WASHINGTON—New claims for jobless benefits, from people thrown out of work by the coronavirus pandemic and actions to counter the community spread of the plague, totaled 21.51 million for the week ending on Oct. 17, the Labor Department reported.
That doesn’t count new claims for state or federal jobless benefits since then, the Bureau of Labor Statistics said. They totaled 1.11 million for the week that ended on Halloween and 1.098 million the week before that.
Aid to the jobless, or lack of it, is being blamed in part for the weak showing by congressional Democrats in the Nov. 3 election, due to failure to extend benefits originally approved in March.
House Speaker Nancy Pelosi, D-Calif., and her majority twice passed the Heroes Act, extending the jobless aid and other measures to combat the coronavirus plague and the economic depression. The bill would have run through Jan. 31 or the end of the pandemic, whichever is later.
But Senate Majority Leader Mitch McConnell, R-Ky., who won easy re-election in what was supposed to be a tough race in the deep-red state, pigeonholed the Heroes Act both times.
Bluegrass State voters, though, re-elected McConnell easily in what was supposed to be a tough race. Democrats, who supported the measure, gained only one U.S. Senate seat so far.

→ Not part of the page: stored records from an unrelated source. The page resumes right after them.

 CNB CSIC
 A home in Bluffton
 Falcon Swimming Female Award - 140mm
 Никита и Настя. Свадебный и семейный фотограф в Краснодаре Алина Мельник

“Last week was the 33rd straight week total initial” jobless benefit “claims were far greater than the worst week of the Great Recession,” Economic Policy Institute Policy Director Heidi Shierholz commented.
“Most states provide 26 weeks of regular benefits, but this crisis has gone on much longer than that. That means many workers are exhausting their regular state unemployment insurance benefits. In the most recent data, continuing claims for regular state UI dropped by 538,000, from 7.8 million to 7.3 million.”
After they run through the state benefits, those jobless workers can seek extra federal pandemic unemployment benefits and get 13 more weeks’ worth at their states’ payment rates, she noted. But that program is expiring, too and the number of workers eligible to seek the aid is declining, even as the number of workers who can get regular state benefits continues to drop.
Passage of the Heroes Act, though Shierholz did not—this time—explicitly say so, would help those workers, too.